Colère, tristesse, peur, joie… Et si ces émotions que nous tentons si souvent de maîtriser, de taire ou d’ignorer n’étaient pas là pour nous faire du mal, mais bien pour nous parler ? Non pas des ennemies à combattre, mais des messagères à accueillir ?
En consultation, je rencontre souvent des personnes qui me disent : « Je ne devrais pas ressentir ça », « Je perds pied quand je suis en colère », « J’aimerais juste arrêter d’avoir peur », « Je suis agacé·e de ressentir cela ». Derrière ces mots, il y a une souffrance, bien sûr — mais aussi une idée profondément ancrée : celle que les émotions seraient un dysfonctionnement. Un problème à résoudre. Une faiblesse à cacher.
Et pourtant…

Derrière le masque du calme, le poids de l’interdit
Très tôt, nous avons appris, plus ou moins consciemment, à nous méfier de nos émotions. Dans certaines familles, dans certains environnements scolaires ou professionnels, elles n’avaient tout simplement pas leur place.
Pleurer, c’était être fragile. Être en colère, c’était perdre le contrôle.
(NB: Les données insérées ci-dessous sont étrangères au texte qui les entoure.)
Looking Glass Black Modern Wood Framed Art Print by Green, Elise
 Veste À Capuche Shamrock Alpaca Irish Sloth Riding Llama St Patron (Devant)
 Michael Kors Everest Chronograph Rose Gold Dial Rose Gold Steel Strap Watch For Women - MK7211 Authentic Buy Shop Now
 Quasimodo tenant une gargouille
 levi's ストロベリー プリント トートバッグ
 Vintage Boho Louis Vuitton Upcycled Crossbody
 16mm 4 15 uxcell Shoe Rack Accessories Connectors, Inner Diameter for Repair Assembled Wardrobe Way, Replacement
Avoir peur, c’était manquer de courage. Même la joie, parfois, était jugée excessive, naïve ou « trop visible ».
Alors nous avons appris à nous couper. À contenir, à rationaliser, à détourner, à juger. Par protection. Par loyauté. Par survie, parfois. Mais ce que l’on repousse ne disparaît pas. Ce que l’on enfouit continue de vivre en nous, autrement.
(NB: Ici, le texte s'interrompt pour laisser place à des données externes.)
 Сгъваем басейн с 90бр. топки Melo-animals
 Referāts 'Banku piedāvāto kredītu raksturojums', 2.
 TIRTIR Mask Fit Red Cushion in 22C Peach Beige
Une émotion n’est jamais là sans raison
Chaque émotion, quelle que soit sa forme ou son intensité, a une fonction. Elle ne tombe pas du ciel, elle vient dire quelque chose. De votre vécu. De vos besoins. De ce qui a été touché, bousculé, oublié. Les émotions sont des indicateurs internes. Elles vous renseignent sur la façon dont vous vivez ce que vous traversez.
- La colère, souvent mal aimée, peut signaler qu’une de vos limites a été franchie. Elle parle d’un besoin de respect, de justice ou de reconnaissance.
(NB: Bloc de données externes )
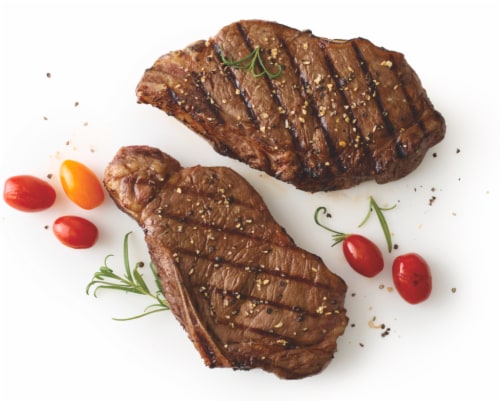 Beef Choice Angus New York Strip Steak Perspective: front
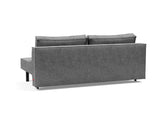 Sly sovesofa i 563 Twist Charcoal, set skråt bagfra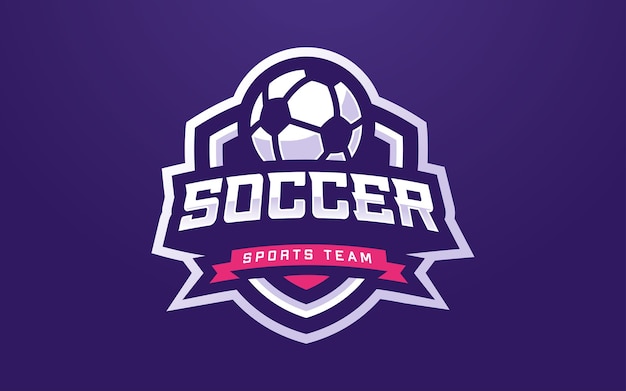 Vector modern and creative soccer or football club logo for sports team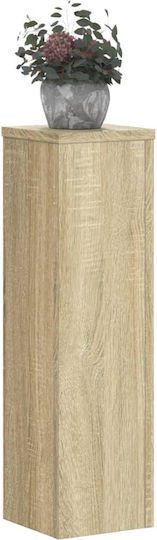 vidaXL Pflanzenständer Holz Beige 17cmx17cmx60cmcm. 2Stück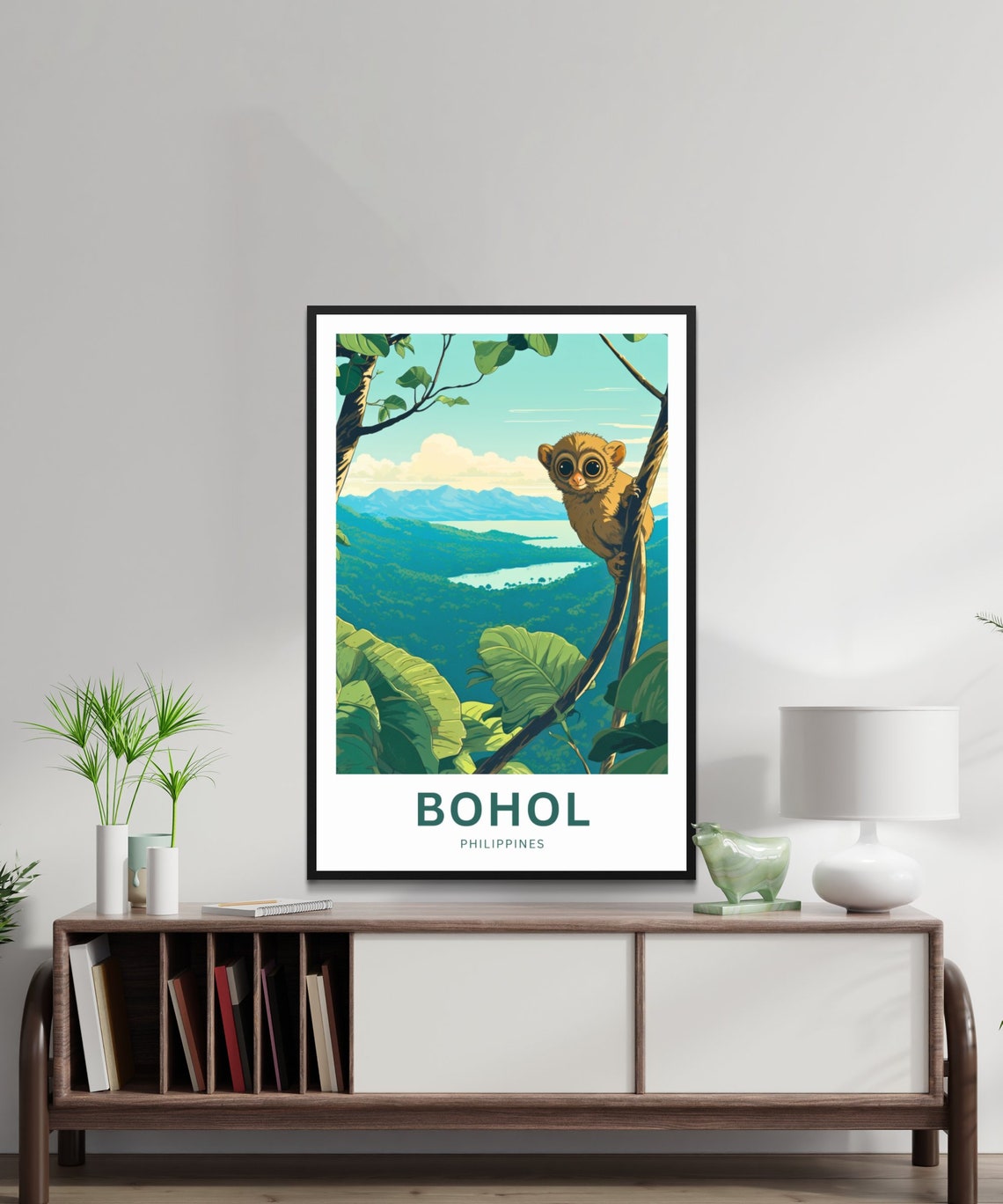 Bohol Philippines Tarsier Primate Jungle Wildlife Travel Poster - Image 2
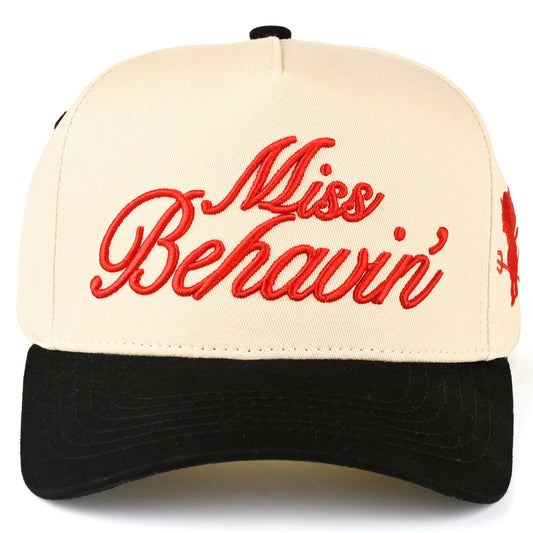 MISS BEHAVIN Embroidered Trucker Hat
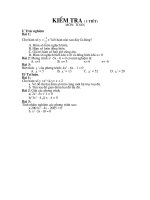 Kiểm tra Đs 9 chương 4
- La tristesse apparaît face à une perte, une séparation, ou même une transformation. Elle peut aussi révéler un besoin de pause, de silence, de repli.
- La peur vous protège. Elle alerte sur un danger, réel ou perçu. Mais elle peut aussi être liée à des mémoires anciennes, à des scénarios que l’on rejoue.
- La joie, elle, révèle ce qui fait sens. Ce qui relie. Ce qui nourrit. Elle est un signal précieux, trop souvent relégué au second plan.
Les émotions ne sont pas des obstacles. Elles sont des points d’appui, si l’on prend le temps de les écouter.
Ce que l’on tait s’imprime ailleurs
Refuser une émotion ne l’annule pas. Elle se tait peut-être sur le moment, mais elle laisse une empreinte. Dans le corps : tensions chroniques, troubles du sommeil, maux inexpliqués. Dans les comportements : irritabilité, compulsions, repli. Dans la relation à soi : culpabilité, honte, perte de repères.
Il ne s’agit pas de tout ressentir, tout le temps, ni de se laisser emporter. Mais de reconnaître. De faire un peu de place à ce qui est là. Sans jugement. Sans violence.
Souvent, c’est à partir de cette place que quelque chose commence à bouger. Non pas parce qu’on a « géré » l’émotion, mais parce qu’on l’a entendue.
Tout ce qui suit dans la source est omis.